Thursday, December 4, 2014

Day 799

Thursday.

1412.1081

Impact of anisotropic stress of free-streaming particles on gravitational waves induced by cosmological density perturbations
Saga, Ichiki, Sugiyama

GWs are inevitably induced at second-order in cosmo perturbations through NL couplings with first order scalar perturbations, whose existence is well established by recent cosmological observations.  So far, the evolution and the spectrum of the secondary induced GWs have been derived by taking into account the sources of GWs only from the product of first order scalar perturbations.  Investigate the effects of purely second-order anisotropic stresses of photons and neutrinos on the evolution of GWs, which have been omitted in the literature.  Present a full treatment of the Einstein-Boltzmann system to calculate the spectrum of GWs with anisotropic stress based on the formalism of the cosmo perturbation theory.  Find that photon anisotropic stress amplifies the amplitude of GWs by 150, whereas neutrino anisotropic stress suppress that of GWs by about 30 on small scales k>~1.0 h/Mpc.  The result is in marked contrast with the case at linear order, where the effect of isotropic stress is damping in amplitude of GWs.
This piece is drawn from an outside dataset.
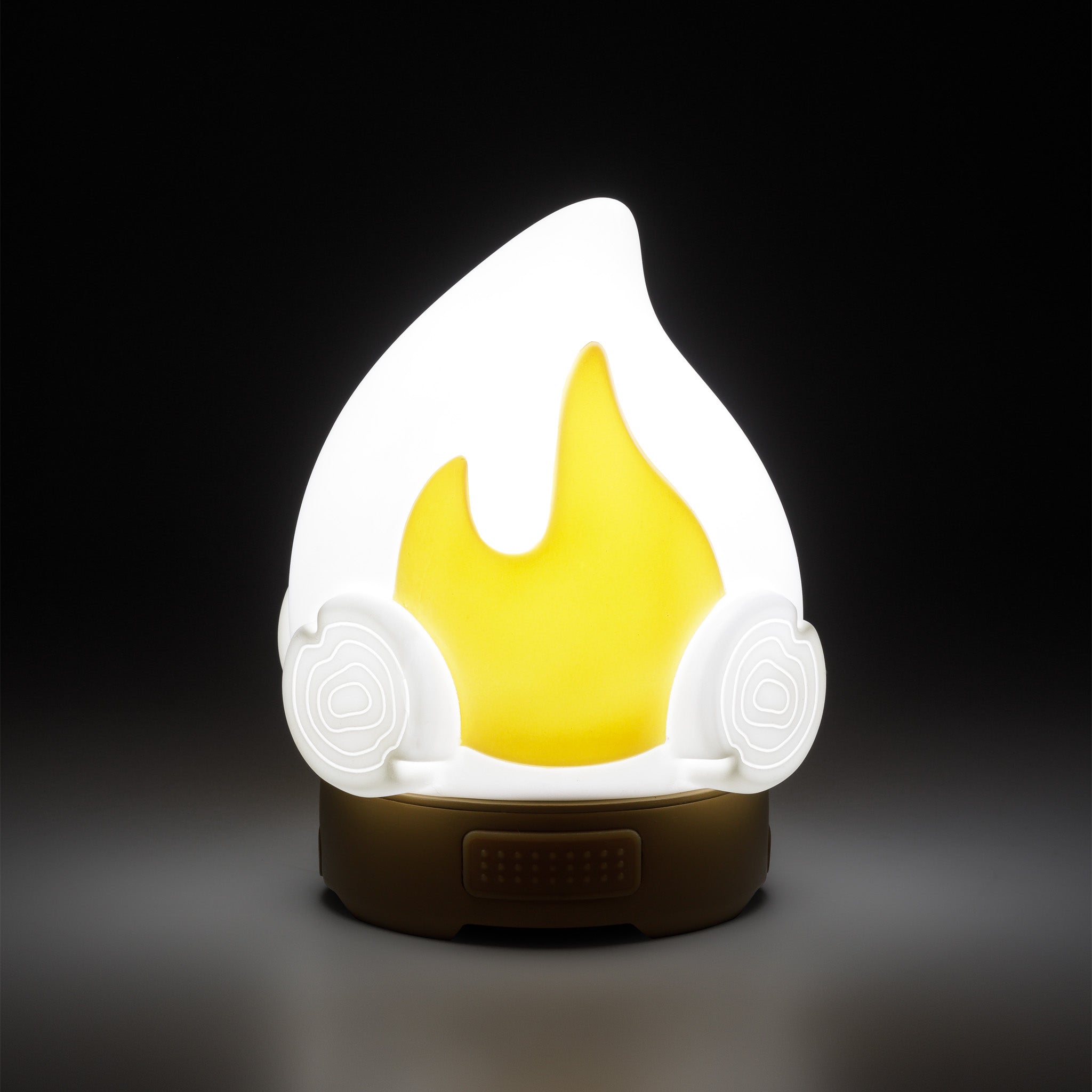 White flame-shaped lamp on a black background.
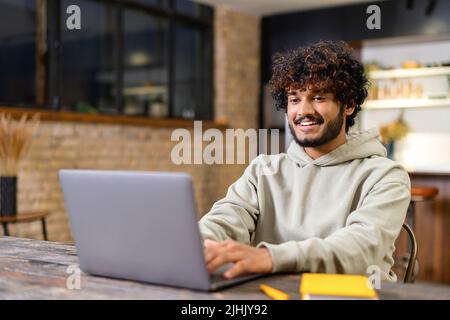 Happy smiling man distantly working from home. Successful male freelancer sitting at the desk, using laptop, develop a project. Indian student on a lecture. Online study concept Stock Photo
1412.1094 The impact of cosmic variance on simulated weak lensing surveys
Kannawadi, Mandelbaum, Lackner

One major systematic uncertainty in WL is the calibration of WL shape distortions, or shears.  Most upcoming surveys plan to test several aspects of their shear estimation algorithms using sophisticated image simulations that include realistic galaxy populations based on high-resolution data from the HST.  However, existing datasets from HST over very small cosmological volumes, so cosmic variance could cause the galaxy populations in them to be atypical.  A narrow redshift slice from such surveys could e dominated by a single large overdensity or under density.  In this case, the morphology-density relation could alter the local galaxy populations and yield an incorrect calibration of shear estimates as a function of redshift.  Directly test this scenario using the COSMOS survey, the largest-area HST survey to date, and show how the statistical distributions of galaxy shapes and morphological parameters (e.g., Sersic n) are influenced by redshift-dependent cosmic variance.  The typical variation in RMS ellipticity due to environmental effects is 5% (absolute, not relative) for redshift bins of width Delta z = 0.05, which could result in uncertain shear calibration at the 1% level.  Conclude that the cosmic variance effects are large enough to exceed the systematic error budget of future surveys, but can be mitigated with careful choice of training dataset and sufficiently large redshift binning.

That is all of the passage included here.